Unfortunately, I simply don't have time to get out and about to try out all the amps I would like to. Unfortunately, I'm also getting married and going to start looking into getting a house next year too, so dropping £3000 on a Mesa Boogie rig isn't going to cut it. On the upshot, I've long since grown out of PodXT tone, I want a proper tube amp! I would be willing to buy blind (or deaf?) on an amp I've never heard outside of youtube if I had confidence in it's pedigree.

So, ENGL amps; the ones I'm looking at are the Thunder 50 Watt 1x12 Reverb E320, the Thunder 50 watt 1x12 Drive E322 (not sure what the difference is there, does anyone have a definitive non "sales speak" answer, cause I can't find one!) and the Screamer 50 watt. What are the differences between these amps? 
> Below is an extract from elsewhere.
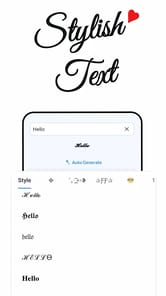 Stylish Text APK screenshot 1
I play mainly death metal, a mix of old and new school. I tune my Bc Rich Pat O Brien V to C standard, and in my music I use a lot of fast passages of low notes with string skipping similar to Black Dahlia Murder. As such, I like my tone to be saturated, tight and clear, or the notes just get lost and mushed into one another. I like to boost my mids for added clarity and tightness. I prefer bright, aggressive tones to scooped, flat sounding ones and I can't stand harsh, ice-picky highs. I think getting a tube amp would solve a lot of my problems and could give me the tight lows without having to compromise by having a harsh high end. Could one of these ENGL amps be the answer to my tone prayers? Obviously I would invest in a decent OD pedal and a noise-gate if I needed them.
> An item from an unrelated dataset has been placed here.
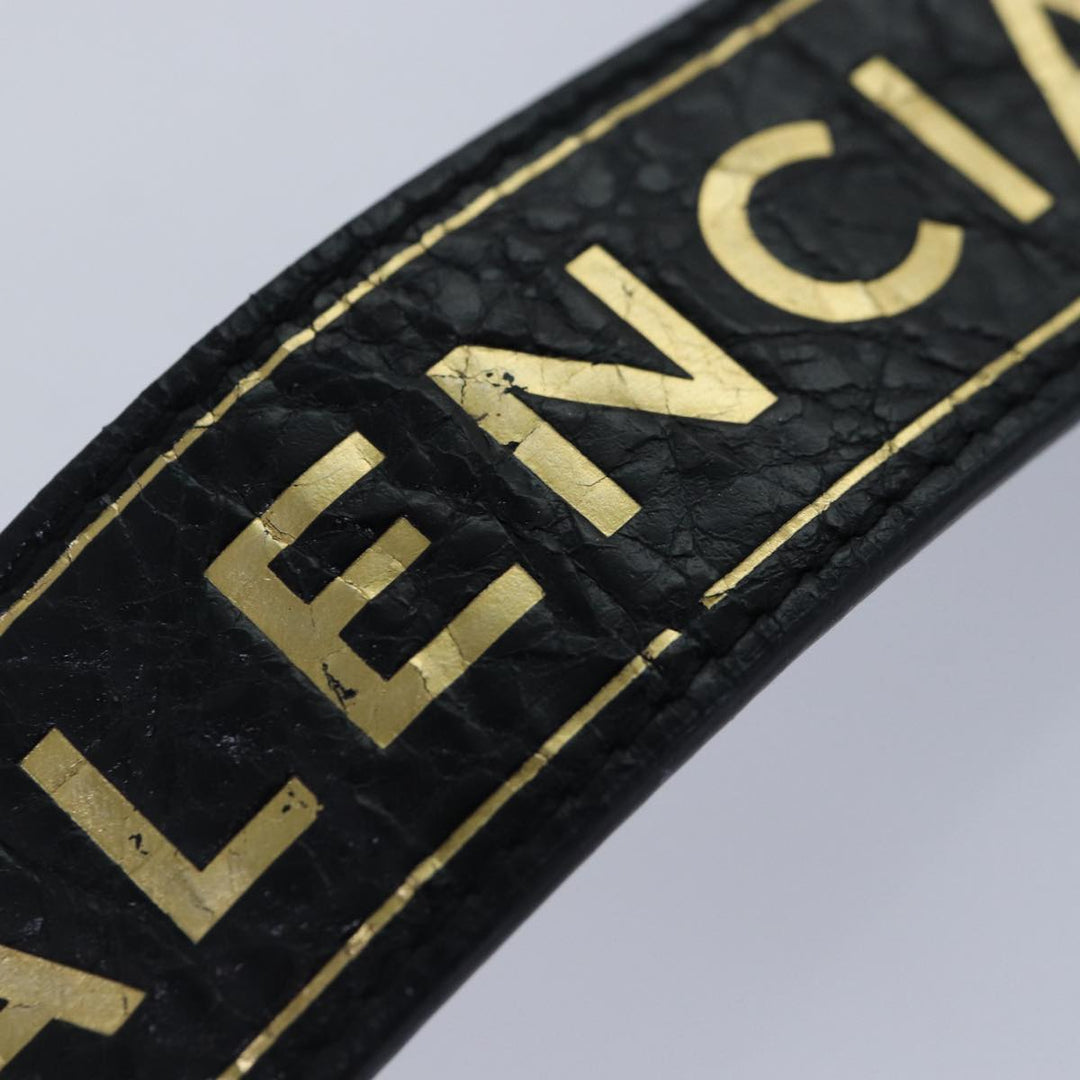 Top Quality Balenciaga Bangle Bracelet Leather Black 466597 Auth hk1591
Finally, if all amp brands have a tonal characteristic that defines them, what is ENGLs? For example, Mesa are scooped and quite dark, Marshall are gritty and quite "classic" in their gain sound, 5150s have huge low-mid presence and tight gain etc.

Cheers for any advice and if I buy an ENGL amp all contributors to this thread will receive a cookie.


----------



## Dionysian (Jul 29, 2011)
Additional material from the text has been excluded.